The chain is selling the fish meat for $8.99 a pound through the end of May, with a price increase to $9.99 per pound starting June 1. Weighing up to 2.5 pounds, the lionfish is known for its various colors of stripes as well as 18 venomous spines. The poisonous fish can be safely eaten after the spines are removed.
“Once caught and placed on ice, the lionfish physically cannot release venom from the gland, ensuring safe consumption for shoppers,” Whole Foods stated in a press release. “The thoroughly trained team members at Whole Foods Market will receive the lionfish in-store and execute all necessary preparations for shoppers including the removal of the spines.”
Similar to halibut or grouper, the lionfish can be prepared just like any other fish. Whole Foods says the “white, buttery meat” has a mild flavor and can be used in numerous different recipes.
— WFM Orlando (@WFM_Orlando) May 27, 2016
Corey Hawkins, a supervisor at the Boca Raton Whole Foods, has seen a definite increase in the number of customers asking for lionfish meat. The store has been busy over the past few days offering samples to interested seafood consumers.
As the species is very difficult to capture, there is no conventional supply chain for catching and shipping lionfish across the nation. According to Whole Foods, they will be caught by single divers using spears and traps designed to ensnare the fish. Until a large number is caught, the stores are unable to offer bulk-quantity orders.
— NOAA Fish media team (@NOAAFishMedia) May 26, 2016
“Although lionfish fillets are completely safe to eat, even dead and on ice the glands in the spines still have venom,” says David Kerstetter, assistant professor at the Halmos College of Natural Sciences & Oceanography at Nova Southeastern University. “Recreational divers and fishers should remember that the safest way to handle any dead lionfish is to simply cut off the spines altogether.”
As previously reported by the Inquisitr, the highly invasive fish are prolific breeders with an insatiable appetite and no known natural predators in the Atlantic. Native to the Pacific and Indian oceans, lionfish were first spotted off the shore of Florida in the mid-1980s and their numbers have increased significantly ever since.
Encouraging the removal of the species, the Florida Fish and Wildlife Conservation Commission has no limit, recreational or commercial, on how many lionfish can be caught. Whole Food’s spokesman David Ventura said the stores will help the local fish conservation efforts through continued public education and involvement in eliminating lionfish from Florida waters.
— Carlos Curbelo (@carloslcurbelo) May 27, 2016
The U.S. government believes the aquarium trade is responsible for the introduction of the species into the Atlantic.

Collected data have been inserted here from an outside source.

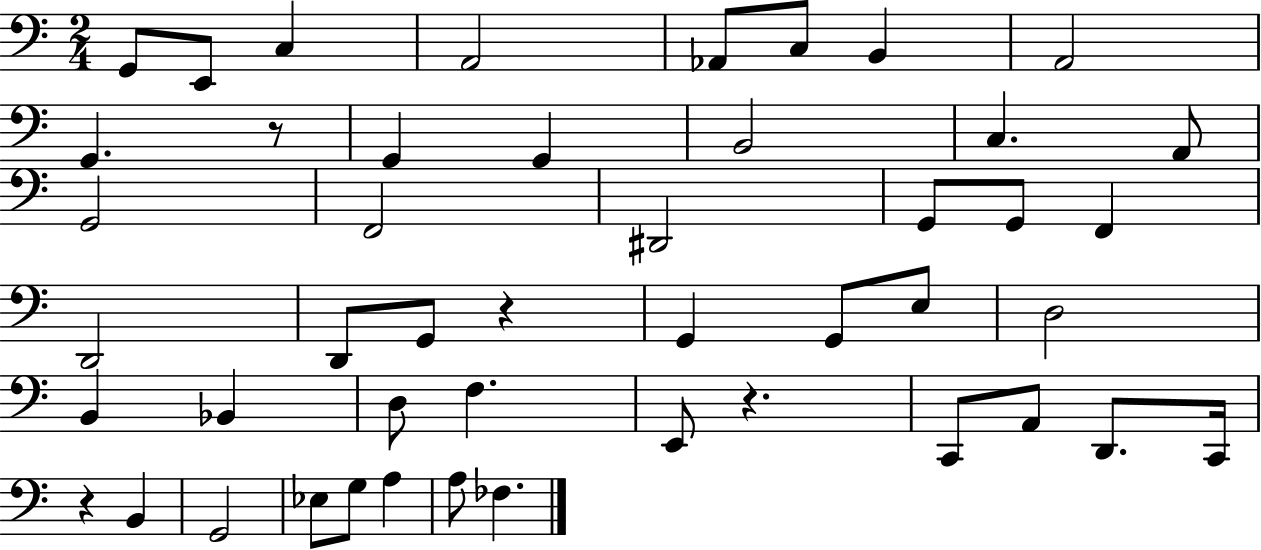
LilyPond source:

{
  \clef bass
  \numericTimeSignature
  \time 2/4
  \key c \major
  \repeat volta 2 { g,8 e,8 c4 | a,2 | aes,8 c8 b,4 | a,2 | \break g,4. r8 | g,4 g,4 | b,2 | c4. a,8 | \break g,2 | f,2 | dis,2 | g,8 g,8 f,4 | \break d,2 | d,8 g,8 r4 | g,4 g,8 e8 | d2 | \break b,4 bes,4 | d8 f4. | e,8 r4. | c,8 a,8 d,8. c,16 | \break r4 b,4 | g,2 | ees8 g8 a4 | a8 fes4. | \break } \bar "|."
}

A Cornell University study found that lionfish cost the U.S. government over $120 billion annually to control and maintain the population.

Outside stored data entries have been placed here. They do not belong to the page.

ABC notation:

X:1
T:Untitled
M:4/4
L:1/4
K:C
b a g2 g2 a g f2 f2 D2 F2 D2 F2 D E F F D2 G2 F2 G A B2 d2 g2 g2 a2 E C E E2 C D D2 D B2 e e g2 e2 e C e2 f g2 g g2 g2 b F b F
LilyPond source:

Wildlife experts fear the venomous fish, along with other non-native species like oscars and clown knifefish, could lead to the extinction of other marine life and significantly damage the Atlantic coastal reefs. Eager to halt the continued spread of the lionfish, the National Oceanic and Atmosphere Administration has warned about their potential environmental impact.
“Lionfish eat herbivores and herbivores eat algae from coral reefs,” according to NOAA. “Without herbivores, algal growth goes unchecked, which can be detrimental to the health of coral reefs.”
With Whole Foods selling lionfish meat at its Florida locations, the chain is doing its part to reduce the number in the wild. According to their recent statement, the company hopes to help alleviate the severe environmental threat caused by this poisonous, yet beautiful, invader.